天神峰現闘本部への撤去攻撃、市東さんへの農地強奪攻撃、10・22北延伸滑走路の前倒し供用を軸とした三里塚闘争破壊攻撃の激化については、本紙782号、783号で詳述してきた。ここでは、攻撃激化の背景について述べていきたい。
その第一は、治安政策としての闘争拠点破壊攻撃だ。自民党政権を倒した8・30総選挙は、戦争・改憲と大失業攻撃に対する労働者・農民の積もり積もった怒りが爆発した結果だ。マスコミですら「無血革命」の言葉を使っている。
この背景には、労働者・農民を食わせていけなくなった資本主義体制そのものへの根底的な怒りがある。民主党・連合の結託政権への期待などからではなく、当面提出されている選択肢の中から民主党・連合政権を選んだに過ぎない。
動労千葉・三里塚派がプロレタリア革命を実現する力と展望を示すなら、圧倒的に合流への動きを開始する、そのような根源的な怒りなのだ。
日帝・ブルジョアジー=民主党・連合政権は、まさにこの事実に恐怖している。だから43年間という、近代史にもまれな長期・強靭かつ非妥協的な闘いを継続する三里塚闘争の破壊に出ているのだ。市東さん、萩原進さんらを空港の中に囲い込む第3誘導路計画や北延伸滑走路の供用前倒しなど、従来に比べても突出した攻撃のエスカレーションにうって出てきている。

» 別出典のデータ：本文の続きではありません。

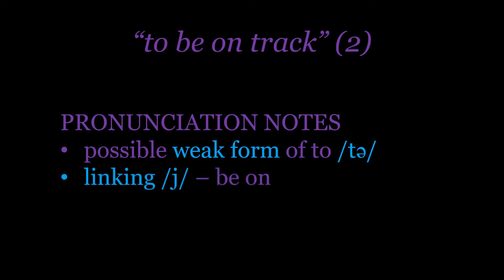Then we can have that linking /j/ sound between the words 'be' and 'on' because 'be' ends in the /i/ vowel and 'on' begins with a vowel.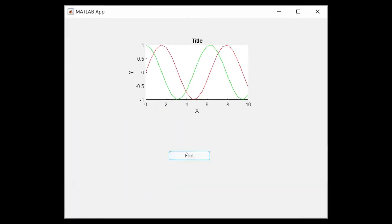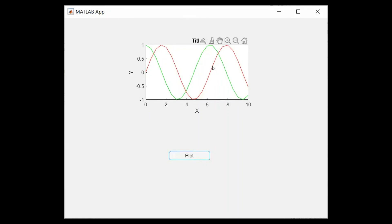So yeah, that's correct. This is the green for cosine and the red for sine.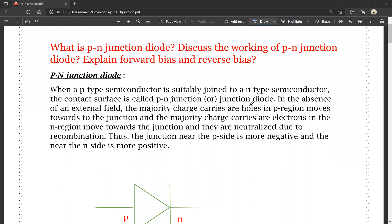Hello friends, we are going to discuss physics in this video for the 4th semester. We have done two papers in physics: Electricity, Magnetism and Electronics, and Modern Physics.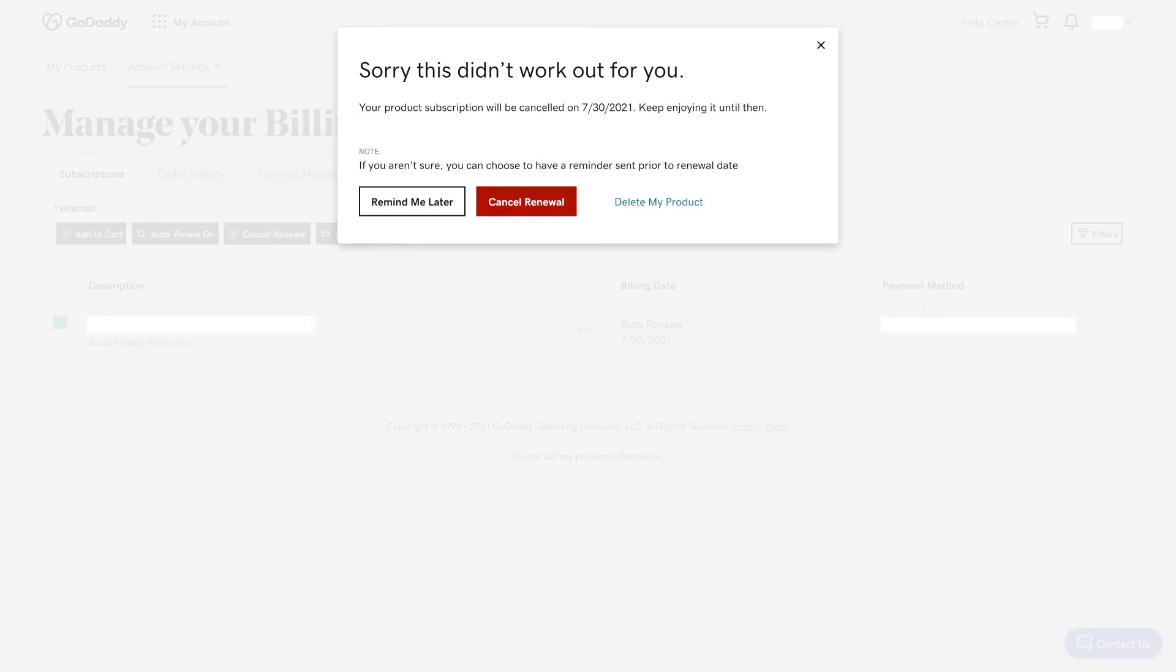A window pops up saying that GoDaddy is sorry auto-renew didn't work out for you. You'll see the date that you'll be able to use that domain through. Step 6.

(写真 1420人を結集した昨年10・5全国集会後のデモ行進【成田市東峰】)
農業破壊との攻防 朝鮮情勢と一体の軍事化
さらに、空港・航空政策の底なしの危機が日帝・国土交通省、NAA(成田空港会社)の焦りを増幅させ、やみくもな攻撃に向かわざるをえなくさせている。
ナショナル・フラッグ日本航空の危機は目を覆うばかりだ。6月の政府保証融資の1000億円でも経営危機を突破できず、ついにアメリカ航空資本の支援をあおぐ手段まで検討され出した。ナショナル・フラッグの位置の放棄以外の何物でもない。
その結果、NAA(成田空港会社)自体が激しい減益の脅威にさらされているだけでなく、地方空港は軒並み存亡の危機に突き落とされている。
その根源には、日帝の国策・成田空港建設への抵抗闘争を頑強にやりぬいてきた全人民の共闘と結集の砦・三里塚闘争の存在があった。日帝の空港・航空政策再建と三里塚闘争の存在はもはや一瞬たりとも共存することはできない地点に来ている。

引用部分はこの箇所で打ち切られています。